With so much legislative activity, such as the FAA reauthorization and highway bill, pushed into the wings to make way for the deficit debate, the joint committee bill could be the only vehicle left, “the last train leaving the station,” as several lobbyists referred to it.

Lobbyists would likely frame these proposals in terms of the long-term effects on economic growth.

“There are a lot of ways the government can cost the economy money,” said Scott Segal, a lobbyist at Bracewell & Giuliani, which represents energy companies, including utilities and oil and gas firms. “One of them is through misspending tax revenues, and the other way is imposing a heavy regulatory burden on the energy sector.”

Lobbyists could target several overlapping rules governing the power sector and limits on permits for offshore drilling, even though those rules are not directly related to the budget, Segal said.

An idea like that might have traction among lawmakers such as Sen.
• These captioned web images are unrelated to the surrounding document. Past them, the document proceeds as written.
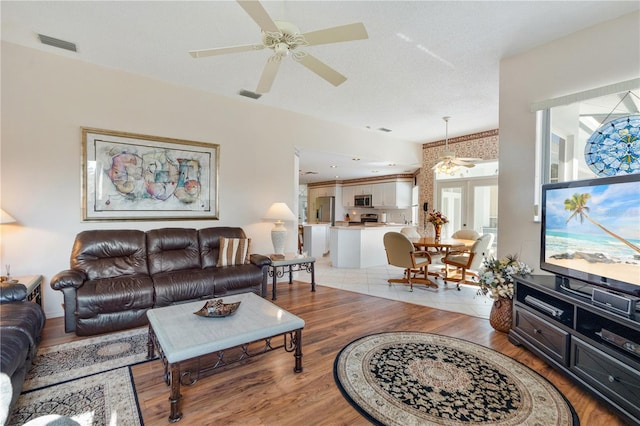 living room with ceiling fan, light hardwood / wood-style floors, and a textured ceiling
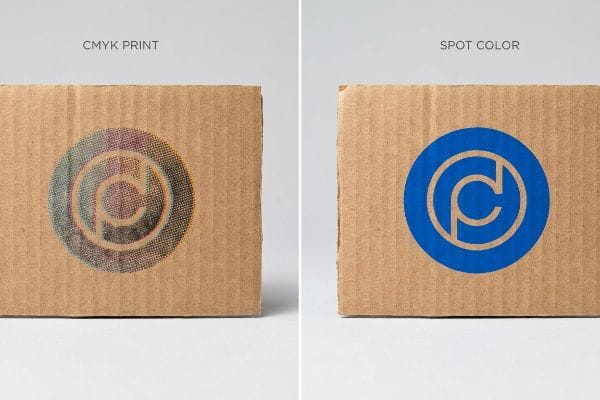 Corrugated cardboard displays two logo prints: a muddy CMYK Print with halftone dots and a sharp, vibrant blue Spot Color logo.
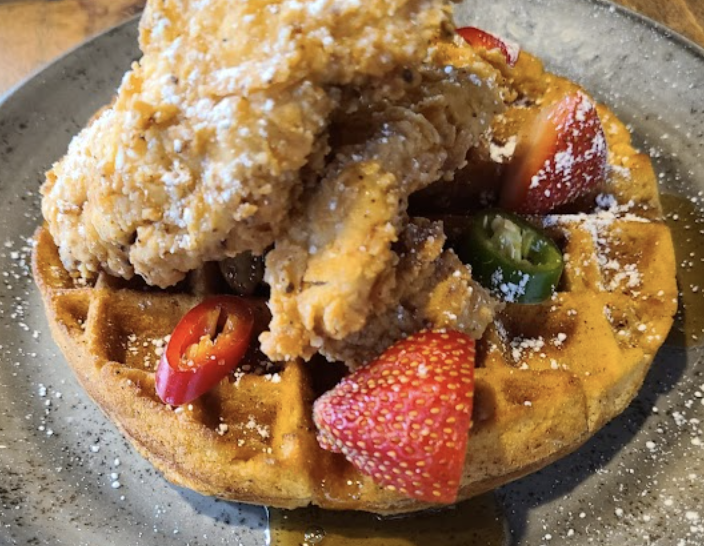 Lucille's signature dishes Chicken and WaffleOxtail PhillyOxtail Tamales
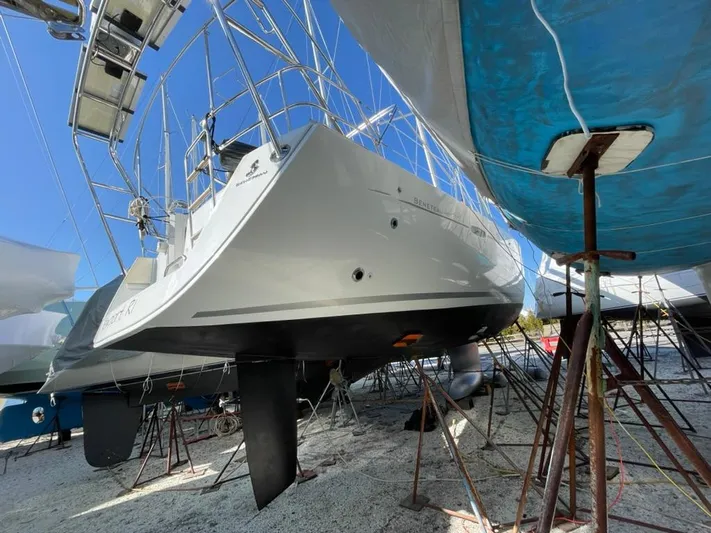 Rob Roy Yacht Photos Pics Beneteau Oceanis 46 sailboat from 2008 on dry dock, viewed from the stern.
David Vitter (R-La.) who said Wednesday he’s putting a procedural hold on an Interior Department nominee until the agency extends for one year hundreds of expiring Gulf drilling leases.
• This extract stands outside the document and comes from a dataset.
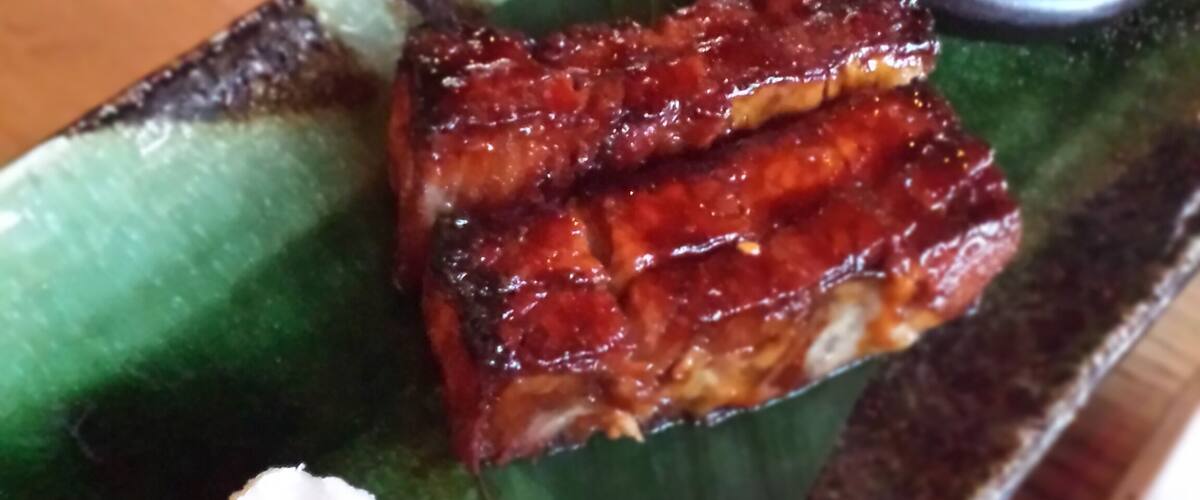 Fantastic happy hour menu! Drink specials and great food items at a discount. They even do happy hour all night, every night, June through August to offset the slow season. 
This is the sesame glazed pork belly with baby beets, wasabi and horseradish. Delicious dish!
Lobbyists are in the early stages of strategizing, and with lawmakers on recess until September, the appetite and need for these kinds of elements remains to be seen.

“Our first concern is who is going to be on the committee because that will be very telling,” one business industry lobbyist said.

Congressional leaders must appoint the committee members by Aug. 16.

“Anyone lobbying those 12 guys is going to have to be pretty delicate,” a Republican lobbyist and ex-GOP leadership staffer said. “And I think filling their inbox with stupid ideas that don’t help them solve their problem is bad lobbying.”

Plus, with the ink barely dry on the debt deal, most lobbyists struck a cautious tone.

“The absence of the Byrd Rule doesn’t remove the other institutional barriers on a piece of legislation like this, including the fact that everyone and their mother is going to be watching this with a microscope and items unrelated to reduction go two times under that,” said Rich Gold, a Democratic lobbyist with Holland & Knight.

Still, he said, “there’s a difference between what’s real and what people are thinking. … People are going to be looking for opportunities.”